Yes, and a vector Minkowski-orthogonal to a time-like vector is...

 

[cianfa72]

Yes, and a vector Minkowski-orthogonal to a time-like vector is...

Spacelike (if non-zero vector).

 

[Ibix]

I was assuming you'd calculate $s_as^a$ and see that it's opposite sign to $t_at^a$, but yes.

 

[cianfa72]

I was assuming you'd calculate $s_as^a$ and see that it's opposite sign to $t_at^a$, but yes.

$s_as^a = (v_a - (v_bt^b)t_a)(v^a-v_bt^bt^a) = v_av^a - (v_bt^b)v_at^a - (v_bt^b)t_av^a + (v_bt^b)^2t_at^a =$
$s_as^a = v_av^a - 2(v_bt^b)^2 + (v_bt^b)^2 = v_av^a - (v_bt^b)^2$

 

[Ibix]

Yup. From your final expression $s_as^a$ is manifestly negative if $v_av^a\leq 0$, but in the case that $v_av^a>0$ there's a tiny bit more work to do to show that $(v_av^a)\leq(v_at^a)^2$.

 

[cianfa72]

in the case that $v_av^a>0$ there's a tiny bit more work to do to show that $(v_av^a)\leq(v_at^a)^2$.

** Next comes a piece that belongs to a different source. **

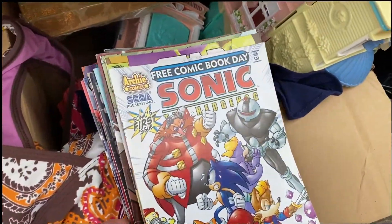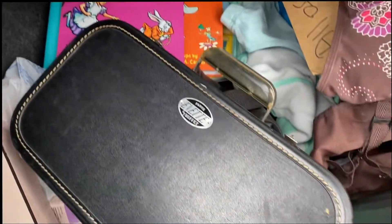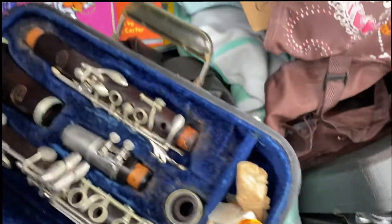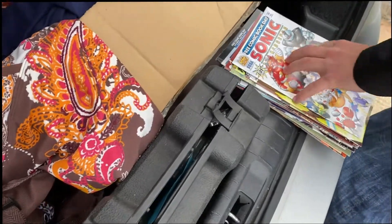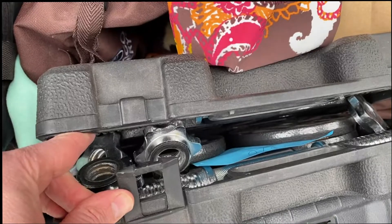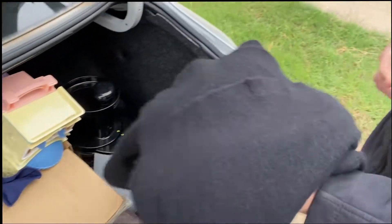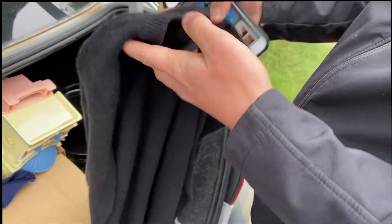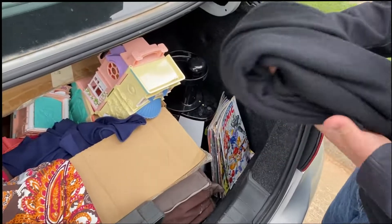Jack got a bunch of comics, and I got this Buffet Clarinet for $10. Jack's comics were only $2. On to the next one. At another garage sale I got a set of weights for $15, and Jack got a cashmere sweater — it's from Halogen, 100% cashmere.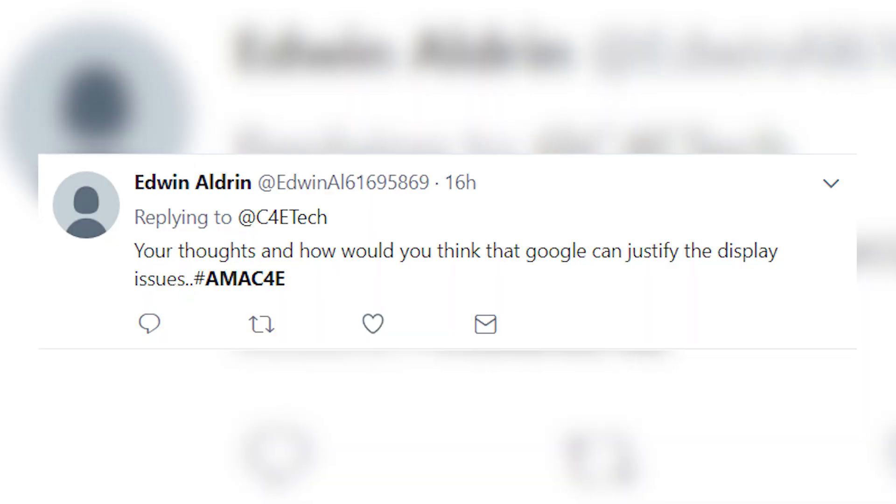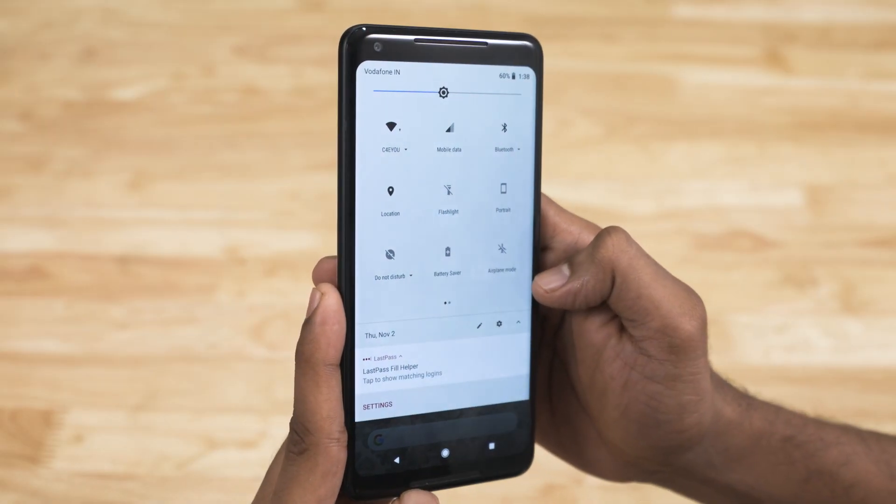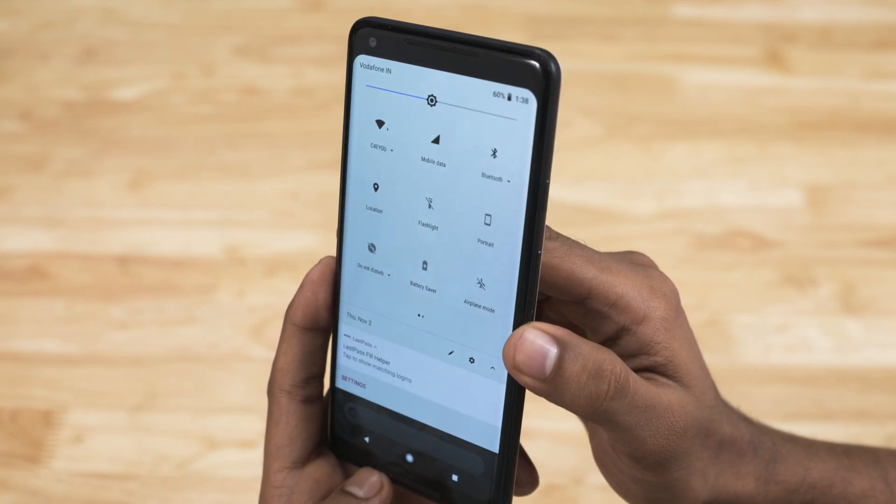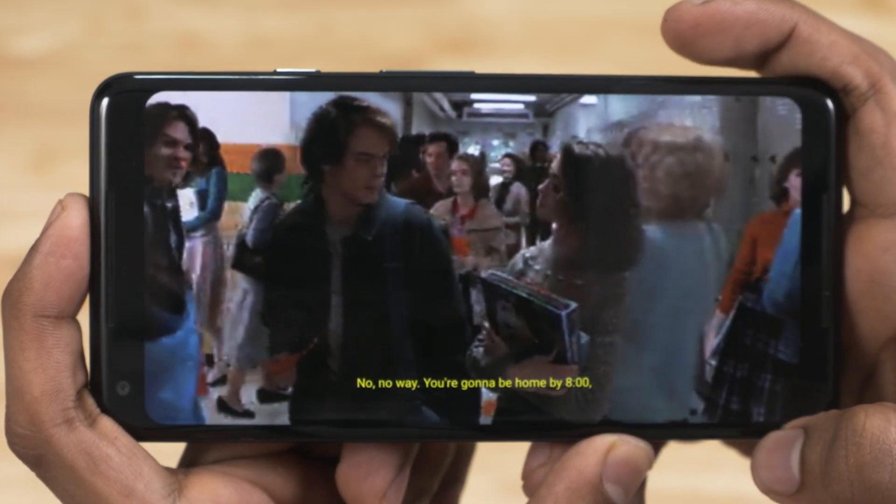Your thoughts: how would you think Google can justify the display issues? You didn't think we were going to make it through this video without talking about the display, right? So — is there an issue with the display? Yes. Is it bad? No. How can you excuse it? It is not excusable. Let me clarify: yes, there is an issue when you look at white a little off-axis — you see a bluish tint — and yes, that does exist. But here's the thing: it looks worse on video than it actually is when you use it.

Supposing I did not any mistake before, I've no idea how to proceed .

 

[PeterDonis]

Take an arbitrary vector $v^a$ and an arbitrary unit timelike vector $t^a$.

The vectors can't be completely arbitrary since they must be linearly independent.

 

[Ibix]

The vectors can't be completely arbitrary since they must be linearly independent.

Yeah, you're right. If $v^a=kt^a$ for some constant $k$ then $s^a=0$. So you have to choose a unit timelike vector $t^a$, arbitrary except that it isn't parallel to $v^a$.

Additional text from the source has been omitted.